◆ Records
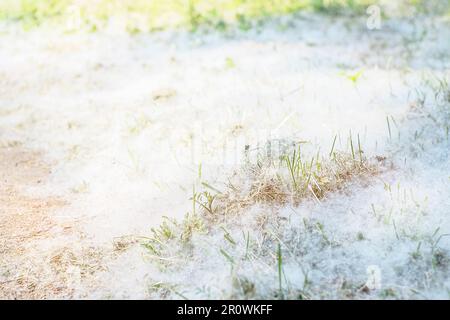 En été, le Pooh de peuplier couvrait le sol, les plantes et l'herbe Banque D'Images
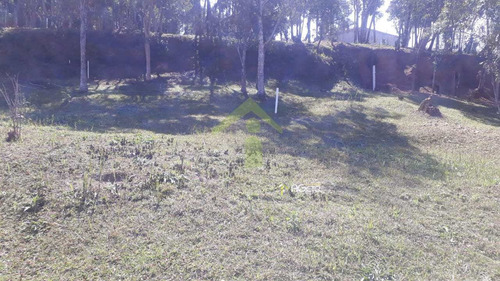 Imagem 12 de 30 de Chácara Com 2 Dorms, Sapateiro, Embu-guaçu - R$ 320 Mil, Cod: 2294 - V2294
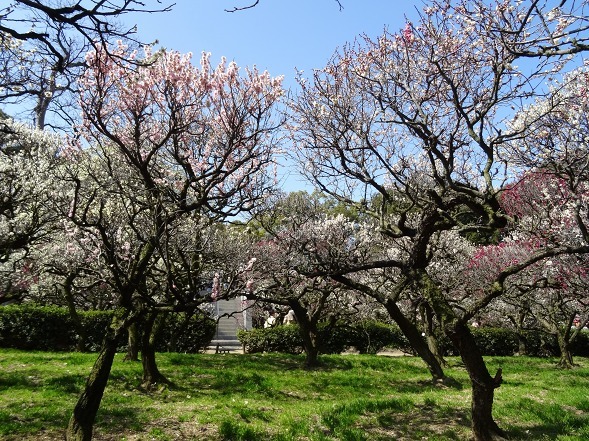 道明寺天満宮の梅まつり_b0299042_20365864.jpg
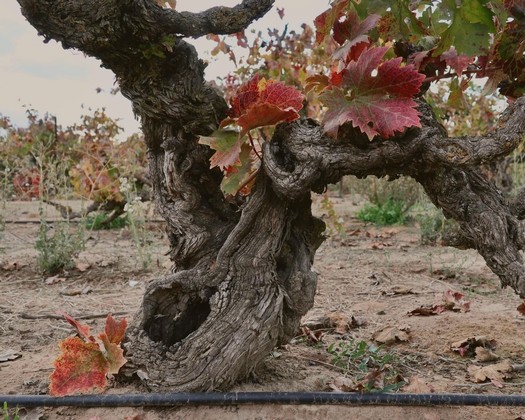 Close-up of a gnarled winegrape vine with red and green leaves in a Lodi vineyard.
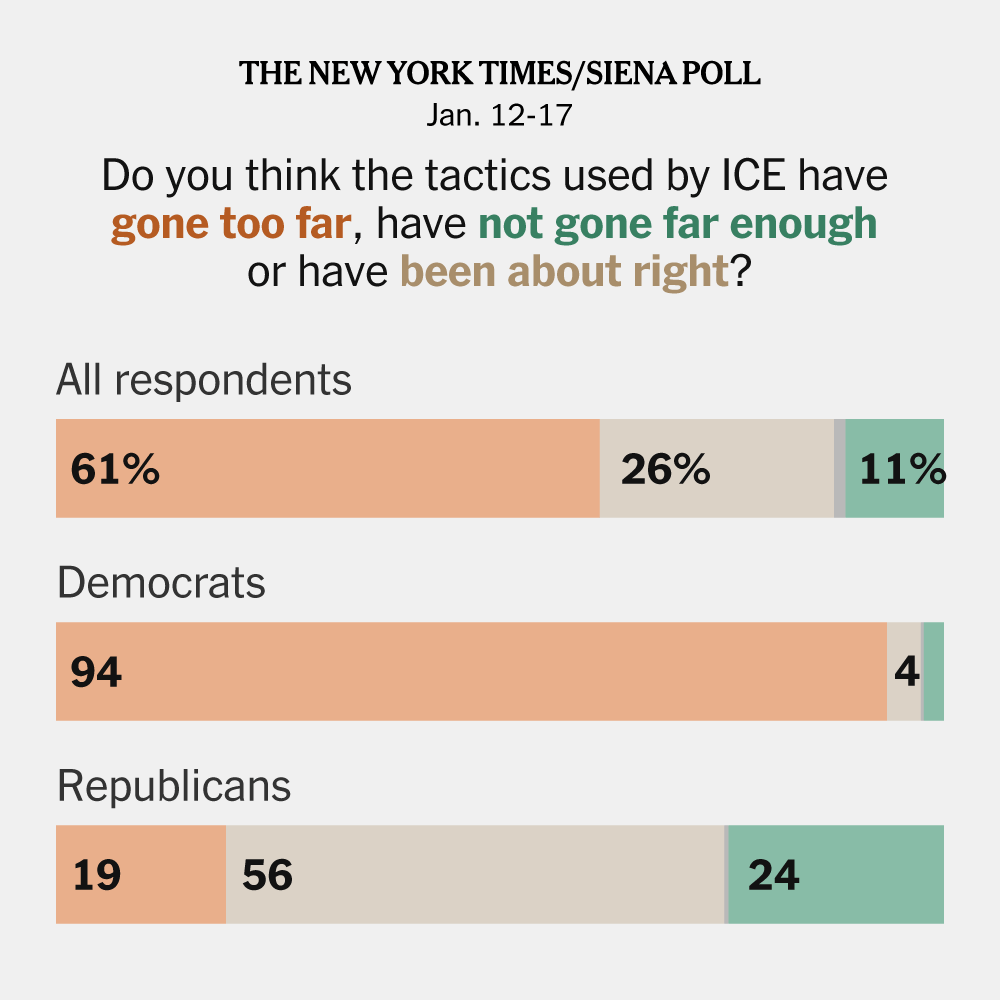 Voters Are Split on Deportations but Disapprove of ICE, Poll Finds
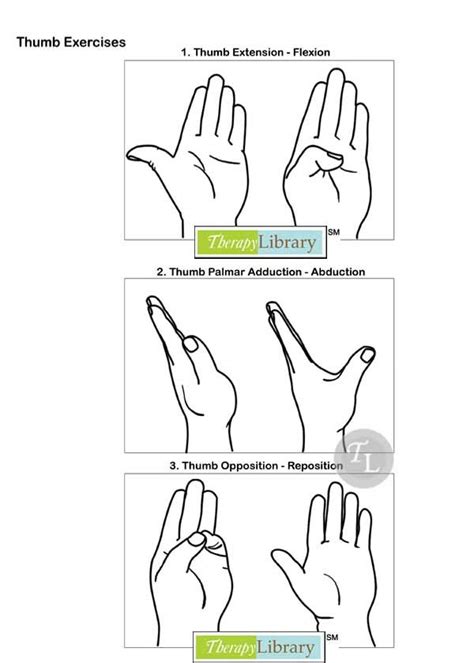 Figure Range-of-motion Exercises For The Basic Patient , 58% OFF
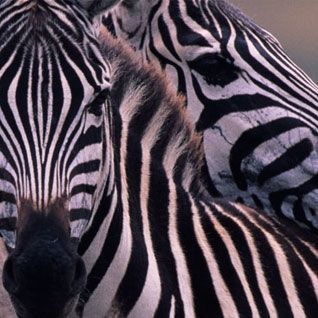 Ogrody zoologiczne i zwierzęta amatorskie
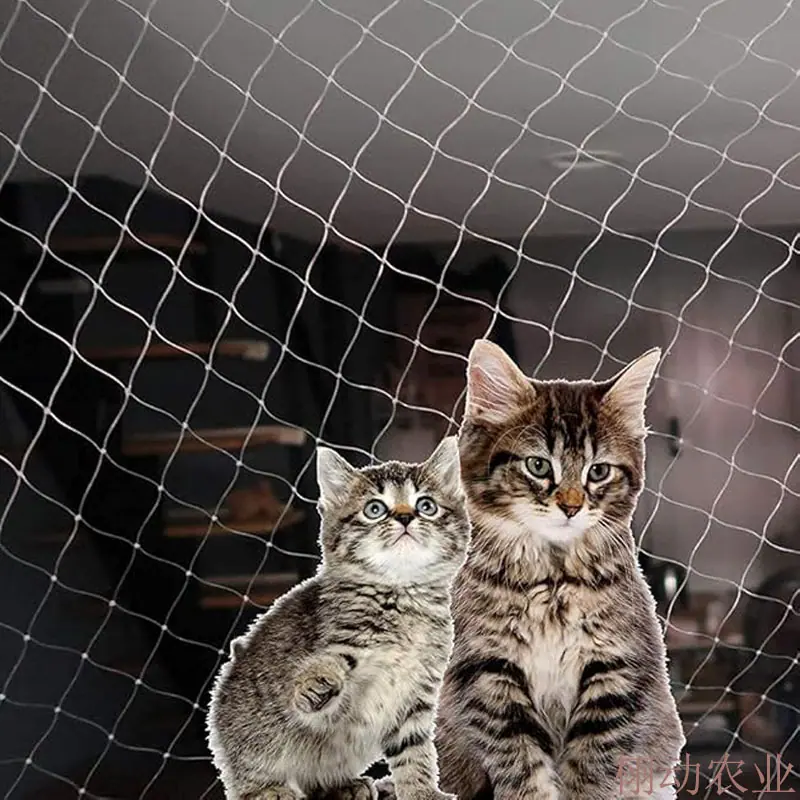 猫网主图七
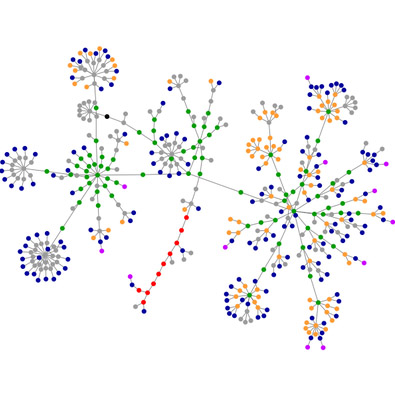 Blog-Network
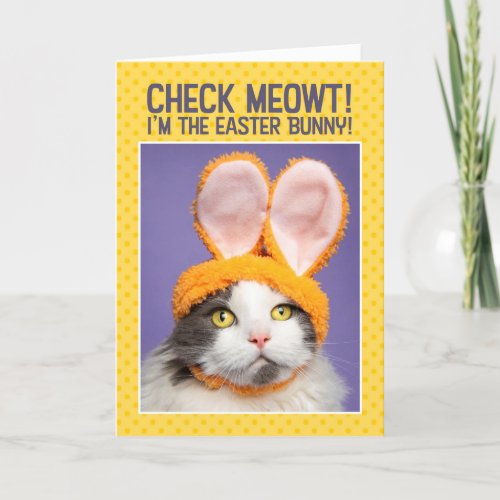 Happy Easter For Anyone Funny Cat in Bunny Ears Holiday Card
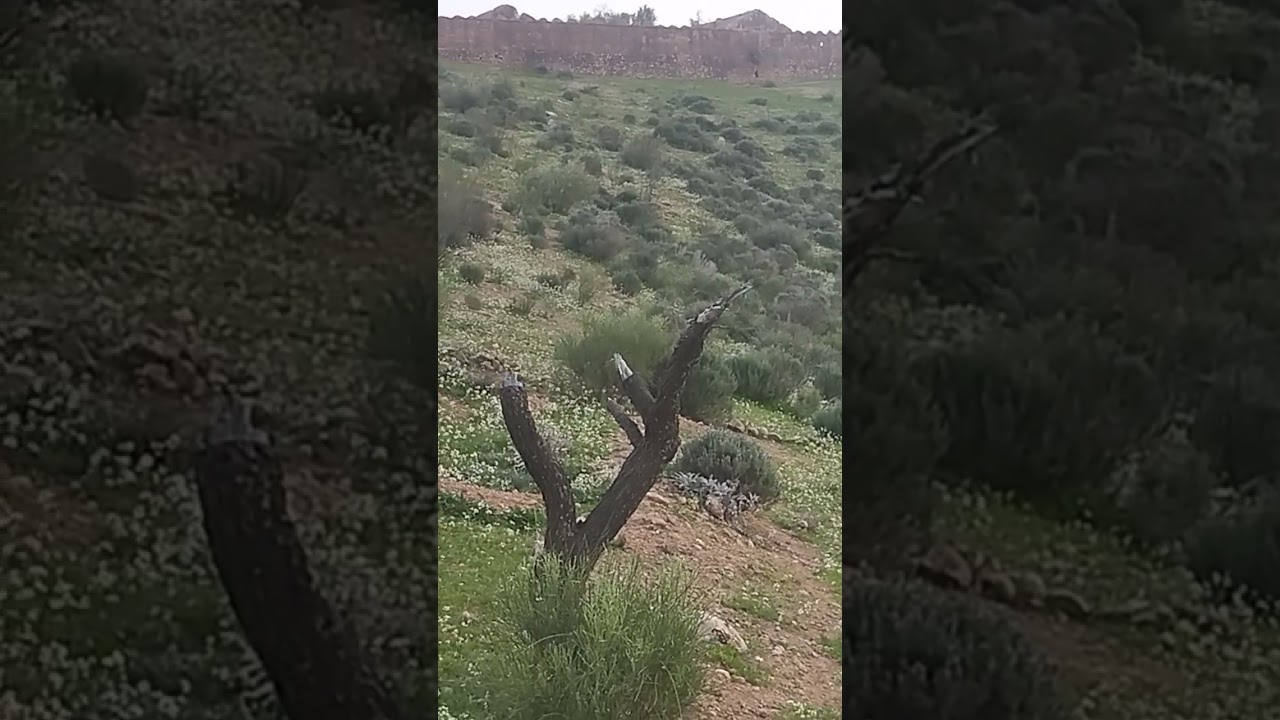 تحياتي لجميع الرومات من جبال الاطلس✍️💪💯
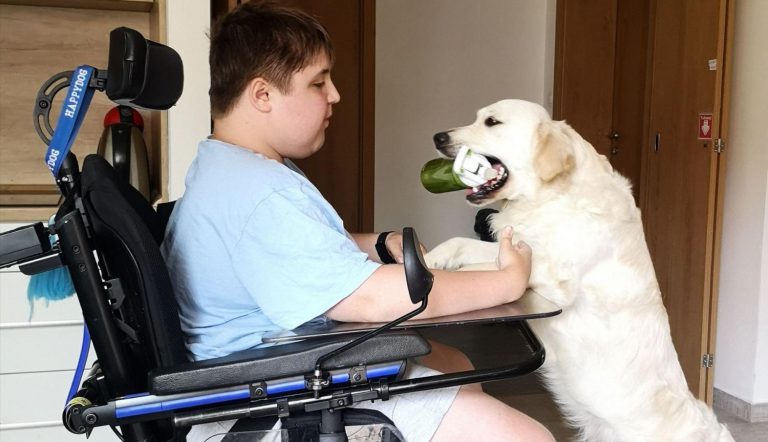 Co všechno dokáže asistenční pes: Pro Matěje s Duchennovou svalovou dystrofií je pravou rukou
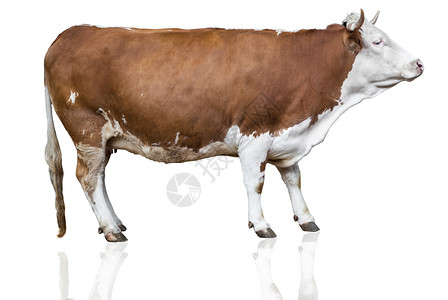 白孤立的母牛高清图片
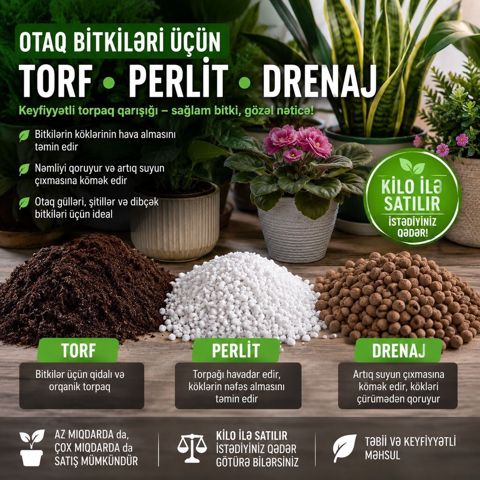 Otaq Bitkilərinə Peşəkar Qulluq Xidməti Gülləriniz zəifləyib — Digah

◆ Brief
Return all of the material above unchanged, minus its pictures.

◆ Answer for the task
 En été, le Pooh de peuplier couvrait le sol, les plantes et l'herbe Banque D'Images
 Imagem 12 de 30 de Chácara Com 2 Dorms, Sapateiro, Embu-guaçu - R$ 320 Mil, Cod: 2294 - V2294
 道明寺天満宮の梅まつり_b0299042_20365864.jpg
 Close-up of a gnarled winegrape vine with red and green leaves in a Lodi vineyard.
 Voters Are Split on Deportations but Disapprove of ICE, Poll Finds
 Figure Range-of-motion Exercises For The Basic Patient , 58% OFF
 Ogrody zoologiczne i zwierzęta amatorskie
 猫网主图七
 Blog-Network
 Happy Easter For Anyone Funny Cat in Bunny Ears Holiday Card
 تحياتي لجميع الرومات من جبال الاطلس✍️💪💯
 Co všechno dokáže asistenční pes: Pro Matěje s Duchennovou svalovou dystrofií je pravou rukou
 白孤立的母牛高清图片
 Otaq Bitkilərinə Peşəkar Qulluq Xidməti Gülləriniz zəifləyib — Digah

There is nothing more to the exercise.